A student has asked me to write about how I let go of anger and resentment in relation to the holy relationship I experienced when I first became a student. She wants to know the process I went through to get over the anger and resentment I felt over E leaving my life and over my losing the special relationship as it was replaced by the holy relationship.

The ego's plan is to have you see error clearly first, and then overlook it. Yet how can you overlook what you have made real? By seeing it clearly, you have made it real and cannot overlook it. (T-9.IV.4)

When you focus on a grievance it is very real to you. Your looking at it at all indicates you think it is significant. If you try to pretend you do not think so just because a book tells you it is an illusion, you are practicing denial, not forgiveness. The only choice of “forgiveness” you are left with is the ego’s “forgiveness”, what A Course in Miracles calls “forgiveness-to-destroy”: Condescension (I’m better than you), martyrdom (I deserve this), false humility (you’re better than me) or emotional blackmail (you must meet my demands, then I will let this go).

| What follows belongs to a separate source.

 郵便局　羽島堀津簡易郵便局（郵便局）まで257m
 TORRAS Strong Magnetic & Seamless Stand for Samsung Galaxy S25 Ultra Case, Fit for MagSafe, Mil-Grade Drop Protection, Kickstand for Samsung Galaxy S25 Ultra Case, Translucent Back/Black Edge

You hold on to grievances – past, present, toward you, toward others -- because they validate your ego-identity. The particular form of the grievance doesn’t matter; its message is always that the ego is real. Grievances help to define your specialness, your separateness. They help define your individual personality from “other” personalities. As long as you identify with ego you will have grievances because the ego is insecure and feels under constant attack and in need of defense. The ego always sees its "self" as a victim, misused and misunderstood by the world, and so it pouts and feels sorry for itself and rages against its attackers.

Reason will tell you that the only way to escape from misery is to recognize it and go the other way. (T-22.II.4)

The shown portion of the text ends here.